My research focuses on the theoretical aspects of modern data management systems, and in particular those related to the processing of big data, which is typically huge, noisy and valuable. In this talk, I will focus on two fundamental problems: processing big data with massive parallelism and pricing data.
In the first part, I will look into modern data analytics systems that use large-scale parallelism to analyze massive datasets, and present a theoretical model that captures the complexity of query processing in such systems. The main parameter is the communication cost, which becomes a dominating factor because of the need to reshuffle the data at each round of the computation. Based on this model, I will discuss how we can design efficient parallel algorithms for query processing with formal guarantees on their behavior.
In the second part, I will show how the fact that data has become a valuable commodity that can be bought and sold motivates the problem of pricing data. I will then discuss the properties that the assigned prices must satisfy, and address the challenges of building a practical pricing system with such formal guarantees.

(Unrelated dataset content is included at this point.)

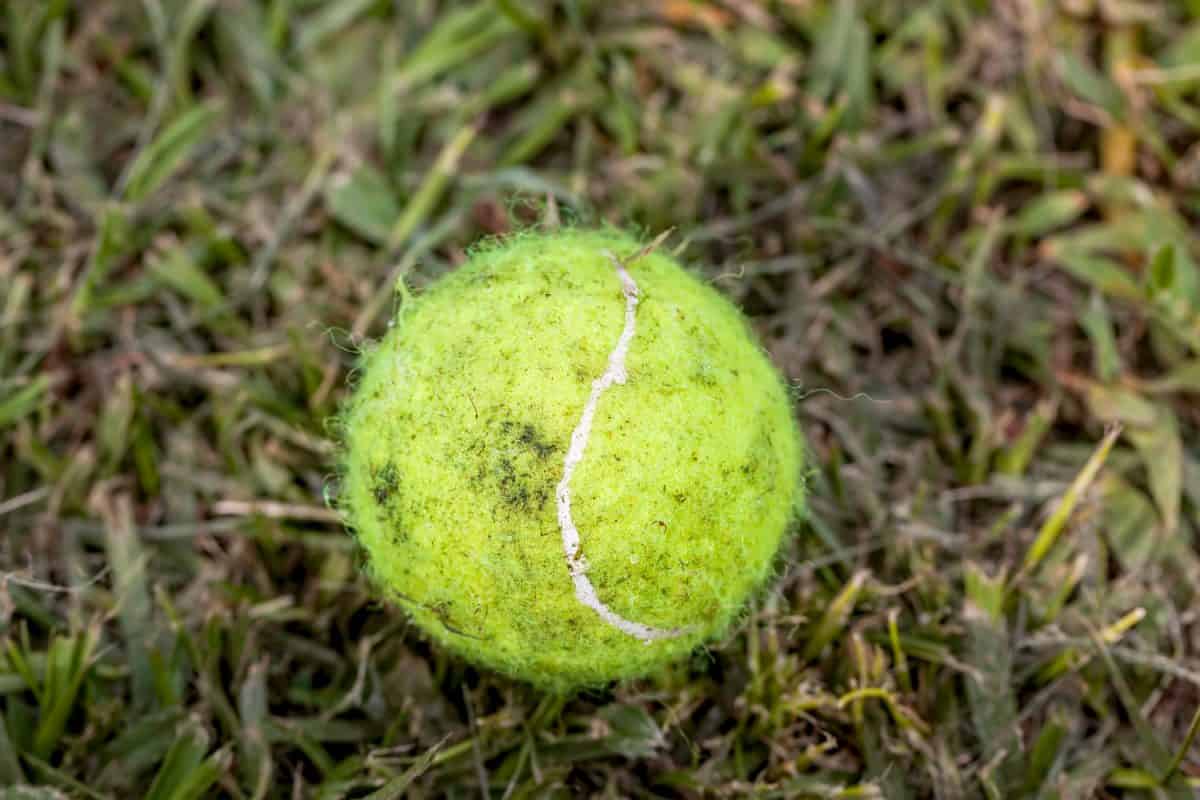 Dirty Yellow Tennis Ball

Bio: Paris Koutris is a Ph.D. candidate in the Computer Science & Engineering Department at the University of Washington, advised by Dan Suciu. His research focuses on the theoretical aspects of data management, and in particular on problems that arise in modern applications and systems for processing big data. He received his Diploma from the National Technical University of Athens and also completed a M.Sc. Degree in Logic, Algorithms and Computation at the University of Athens.